Skip to contents

This guide covers the full syntax of SGL (Structured Graphics Language) as implemented in rsgl. For the formal language specification, see Chapman (2025).

Setup

All examples use dbGetPlot(), which takes a DuckDB connection and a SGL statement. We’ll load some datasets into an in-memory DuckDB database to work with.

library(rsgl)
library(duckdb)
#> Loading required package: DBI

con <- dbConnect(duckdb())
dbWriteTable(con, "cars", mtcars)
dbWriteTable(con, "trees", as.data.frame(Orange))

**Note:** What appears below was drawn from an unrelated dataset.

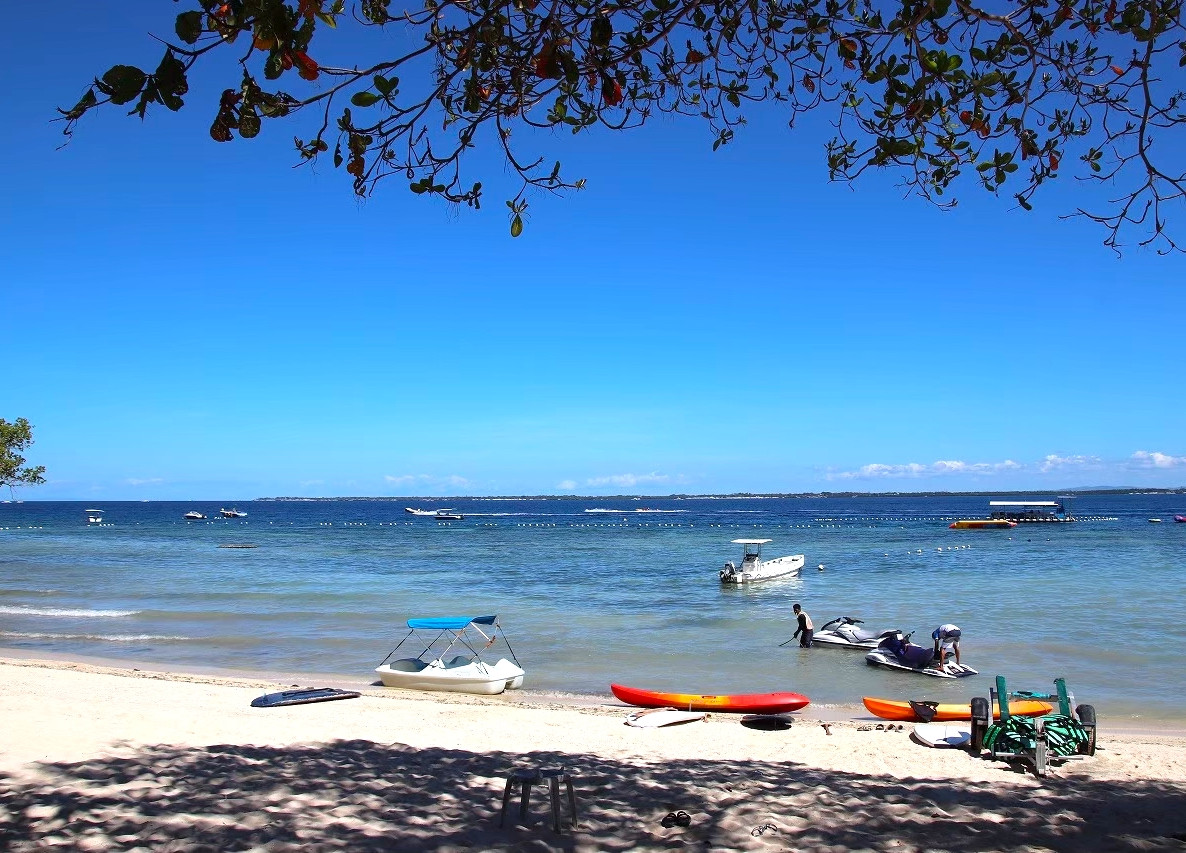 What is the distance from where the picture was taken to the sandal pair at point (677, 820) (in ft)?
20.2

diamonds <- ggplot2::diamonds
diamonds$cut <- as.character(diamonds$cut)
diamonds$color <- as.character(diamonds$color)
diamonds$clarity <- as.character(diamonds$clarity)
dbWriteTable(con, "diamonds", diamonds)

Statement structure

A SGL statement is built from clauses. A minimal statement has three: visualize, from, and using. Additional clauses control grouping, scaling, faceting, and titles. The statement ends with a semicolon (optional when passed as a string to dbGetPlot()).

visualize
  <aesthetic mappings>
from <data source>
[group by <grouping expressions>]
[collect by <collection expressions>]
using <geom expression>
[scale by <scale expressions>]
[facet by <facet expressions>]
[title <title expressions>]

The from clause

The from clause specifies the data source. This is typically a table name:

dbGetPlot(con, "
  visualize
    hp as x,
    mpg as y
  from cars
  using points
")

A SQL subquery can be used for filtering or transforming data before visualization. The subquery must be enclosed in parentheses:

dbGetPlot(con, "
  visualize
    hp as x,
    mpg as y
  from (
    select hp, mpg
    from cars
    where hp < 200
  )
  using points
")

The visualize clause

The visualize clause maps data source columns to aesthetics. Each mapping has the form <column> as <aesthetic>.

Positional aesthetics

Cartesian coordinates use x and y:

dbGetPlot(con, "
  visualize
    hp as x,
    mpg as y
  from cars
  using points
")

Polar coordinates use theta (angle) and r (radius) — see the coordinate systems section for examples.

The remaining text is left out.